Meet the Team Behind the 'Iron Man 3' Air Stunt

© Andy Farrington/Red Bull Media House

The Red Bull Air Force was called for the stunt that will have people talking after the weekend.

Jon Devore is the manager, captain, first member for Red Bull Air Force, and the guy behind what’s sure to be this summer’s most memorable action scene — and one of this fall’s most YouTubed videos.

A skydiver for 19 years, he was hired by one of 'Iron Man 3’'s many stunt coordinators to make their dream a reality. “The stunt coordinator called me and said, ‘Remember that game Barrel of Monkeys from when you were a kid? Well, we’re gonna organize something like that in the sky.’”
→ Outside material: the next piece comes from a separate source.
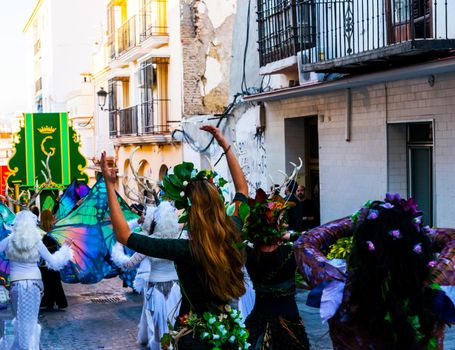 VELEZ-MALAGA, SPAIN - JANUARY 5, 2018
Parade on the occasion of the Epiphany holiday in Andalusia, Epiphany Celebrating in Malaga province, holiday day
The Scene Took a Month to Shoot

The premise was simple: Thirteen civilians get sucked out of an airplane and Iron Man flies to the rescue as they fall toward Earth. But he can only carry four people. So they’ll have to make the human chain you learned about in lifeguarding class, but they’ll have to do it while falling about 100 mph through the sky.

Stunt coordinators showed Devore storyboards, a shot-by-shot list, and a cartoon of how the scene should look. “We had to fly precisely but look out of control,” Devore said. “And we had to wear suits and ties.”

The scene took a month to shoot. Days were eight to 15 hours long and some jumps yielded as little as 1.5 seconds of footage, a process Devore likens to building a house “one brick at a time.” The team, costumed in business attire, totaled 580 jumps (each jump lasts about a minute) with zero accidents.

'There's nothing more addictive.'

What looks like CGI in the film is not in fact CGI. It’s Devore and his team of 14 other divers, ages 30-44, forming a human chain in the sky. “It could not have gone smoother,” he says. “It was fun.”

Devore says he was chosen because of his extensive background in not only wingsuit skydiving but in freeflying, where a jumper not only flies horizontally during a fall but moves up and down, changing angles and velocity. Jumpers for this stunt, the coordinator explained, “would need to get grabbed and dragged though the sky.”

Visible to the public eye for about a decade, the wingsuits (“squirrelsuits” to professionals) used by Devore and his team are new technology. Flying suits had been tested often with heavy casualties since the 1930s, and even made an appearance in The Gypsy Moths (1969) starring Burt Lancaster. But it wasn’t until the mid 1990s that French skydiver Patrick de Gayardon applied parachute technology to make the suits what they are today, fine-tuned flying machines used for both skydiving and BASE jumping.

“There’s nothing more addictive,” says Devore. “But there’s no room for error.”